Andrea Frome and Thomas Bulow
(Professor Jitendra Malik)

We develop three-dimensional shape contexts as part of an approach to 3D object recognition from point clouds. 3D shape contexts are semi-local descriptions of object shape centered at points on an object's surface, and are a natural extension of 2D shape contexts introduced by Belongie, Malik, and Puzicha [1] for recognition in 2D images. 3D shape contexts are joint histograms of point density parameterized by radius, azimuth, and elevation. These features are similar in spirit to spin images [2], which have shown good performance in 3D object recognition tasks. Spin images are two-dimensional descriptors, summing over the azimuth angle, whereas shape contexts preserve information in all three dimensions.

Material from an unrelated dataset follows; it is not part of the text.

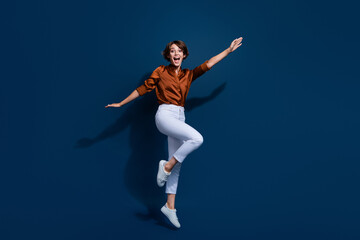 Fototapeta na wymiar Full length photo of carefree sweet lady wear brown shirt glasses jumping high having fun isolated blue color background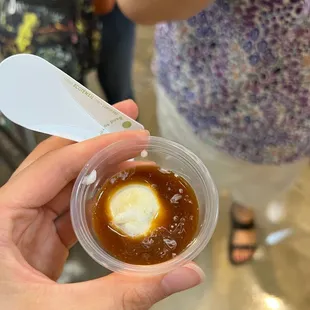 a person holding a cup of coffee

To recognize objects, we compute shape contexts at a few randomly chosen points on a query image, and find their nearest neighbors in a stored set of shape contexts for a set of sample points on 3D object models. The model with the smallest combined distances is taken to be the best match. Finding nearest neighbors in high dimensions is computationally expensive, so we explore the use of clustering and locality sensitive hashing [3] to speed up the search while maintaining accuracy. Results are shown for both full 3D models and simulated range data.


Figure 1: Visualization of the histogram bins of the 3D shape context

[1]
S. Belongie, J. Malik, and J. Puzicha, "Matching Shapes," IEEE Int. Conf. Computer Vision, Vancouver, Canada, July 2001.
[2]
A. E. Johnson and M. Hebert, "Using Spin Images for Efficient Object Recognition in Cluttered 3D Scenes," IEEE Trans. Pattern Analysis and Machine Inteligence, Vol. 21, No. 5, May 1999.
[3]
P. Indyk and R. Motwani, "Approximate Nearest Neighbor--Toward Removing the Curse of Dimensionality," Proc. Symp. Theory of Computing, Dallas, TX, May 1998.